İbn Kesir , Buhari'nin anlatımının kopuk olduğuna inanır, ancak Abdur Razzaq'ın Saheeh olması gerekir. Sonuncusuna şu değişiklikler eklendi: "İbn Cerir, Sirin'in Enes bin Malik'in bir kurtuluş sözleşmesi yazmasını istediğini kaydetti ve erteledi, sonra Ömer ona, 'Ona mutlaka bir kurtuluş sözleşmesi yazmalısın' dedi.

İslam Hukuku

Erken İslam

Joseph Schacht'a göre , Muhammed'in bu ayeti telaffuz ettiğini duyanların "atıfta bulunulan işlemin ayrıntılarını bilmesi gerekiyordu ve pasajın en katı yorumu, bunun, mukataba tarafından hazırlanan ve ayrıntılı olarak anlatılan manumisyon sözleşmesiyle özdeş olmadığını gösteriyor. daha sonra İslam'ın ikinci yüzyılındaki eski avukatlar tarafından . " Ayetin ilk yorumu , kararlaştırılan miktarın yarısını ödedikten sonra mukatatın serbest kaldığını ileri sürüyordu . Mekkeli âlim Ata ibn Rabi Rabah'a atfedilen bir diğer erken karar , kölenin dörtte üçünü ödeyerek özgürlüğü elde etmesiydi.

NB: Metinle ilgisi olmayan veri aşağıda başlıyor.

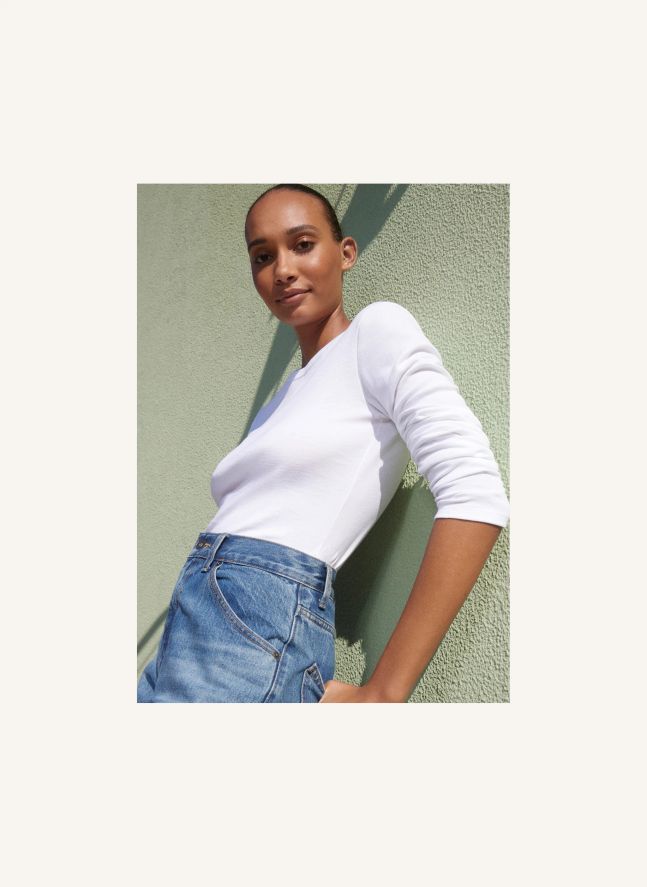 T-shirt l'Iconique Manches Longues - Collection Femme | Blanc
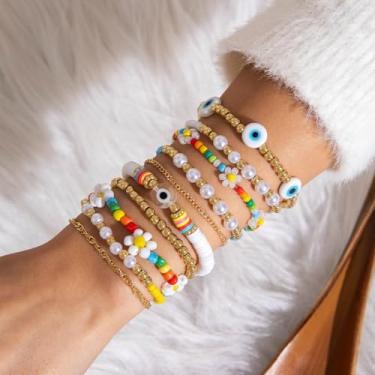 Imagem de Conjunto de pulseiras Boho com várias camadas de contas coloridas e ajustáveis empilháveis para mulheres, joias de presente, Medium, Miçanga, Sem Pedra Preciosa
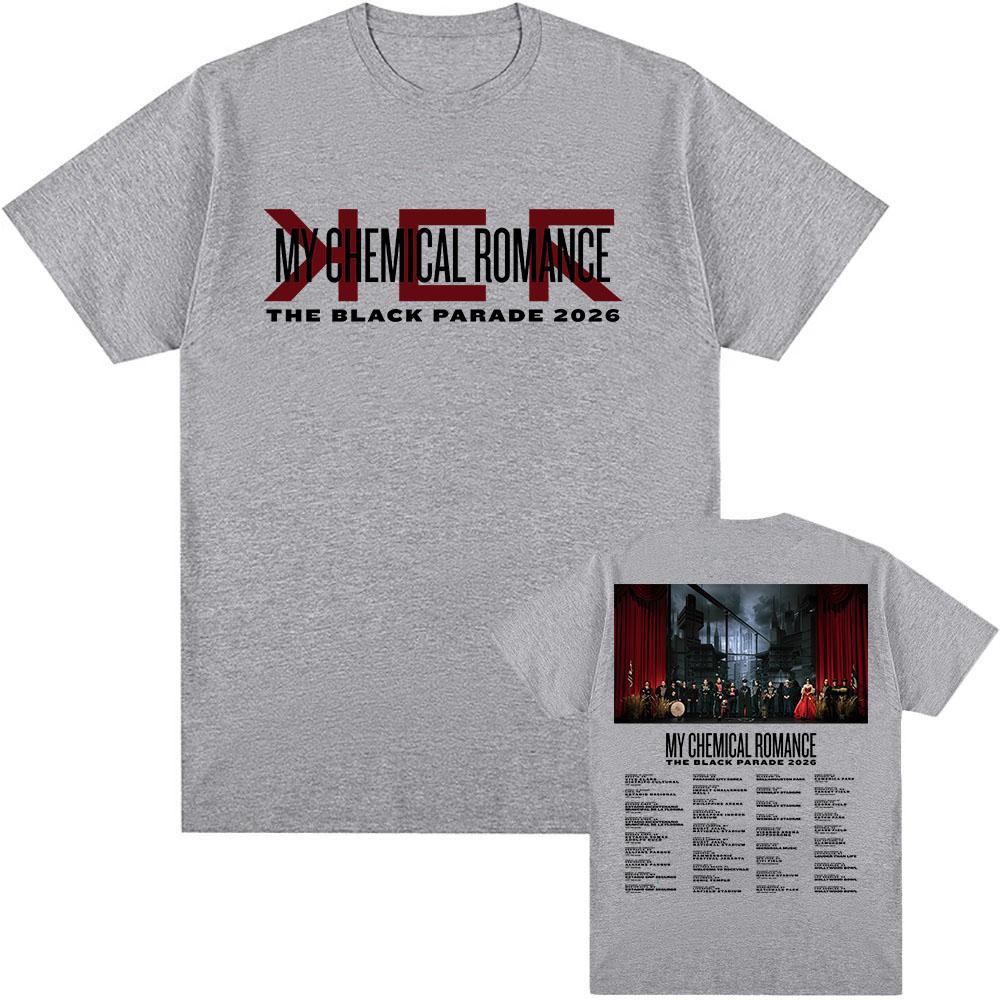 THE BLACK PARADE 2026 Tour Tshirt Rock Band My Chemical Romance Tshirts Short Sleeve Cotton Loose T Shirt Unisex Streetwear Unisex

Kufe merkezli erken dönem bir İslam hukuku okulunun doktrini , mukatatın değerini ödediği anda serbest kaldığını; diğer çağdaş görüşler, mukatatın ödemelerle orantılı olarak bedelsiz hale gelmesi veya sözleşmenin imzalanmasından hemen sonra serbest kalması, efendisine yapılan ödemelerin olağan borçlar olmasıydı. Nihayet Kufan ​​alimlerinin görüşü galip geldi ve Schacht'a göre bu konumu destekleyen hadisler dolaşıma girdi; önce Muhammed'in arkadaşlarına ve daha sonra Muhammed'in kendisine yansıtıldılar .

Kaptanın sözleşmeyi verme yükümlülüğü

Ustanın bu sözleşmeyi verme yükümlülüğü konusunda akademisyenler arasında tartışma var. Zahiri okul fıkıh ederken görünümü o zorunlu olması Shafa'is , Malikî ve Hanefiler bu sadece tavsiye olarak algıladıkları ve övgü-layık bunu. Abul A'la Maududi şöyle diyor: Bir grup hukukçu bunu “onlarla kurtuluş eylemini gerçekleştirin” olarak yorumladı, kölenin kurtuluşunu kazanmak için kölenin teklifini kabul etmesi zorunludur. Ata, Amr bin Dinar Ibn Sirin, Masruq, Dahhak, Ikrimah, Zahiriyyah ve Ibn Jarir Tabari'nin görüşü budur ve İmam Şafai de başlangıçta onu tercih etmiştir. Diğer grup bunun zorunlu olmadığını, sadece tavsiye niteliğinde ve övgüye değer olduğunu savunuyor. Bu grupta Şabi, Mukatil bin Hayyan, Hasan Basri, Abdul Rahman bin Zeyd, Süfyan Thauri, Ebu Hanife ve Malik bin Anas gibi hukukçular ve İmam Şafai de daha sonra bu görüşü benimsemişlerdir.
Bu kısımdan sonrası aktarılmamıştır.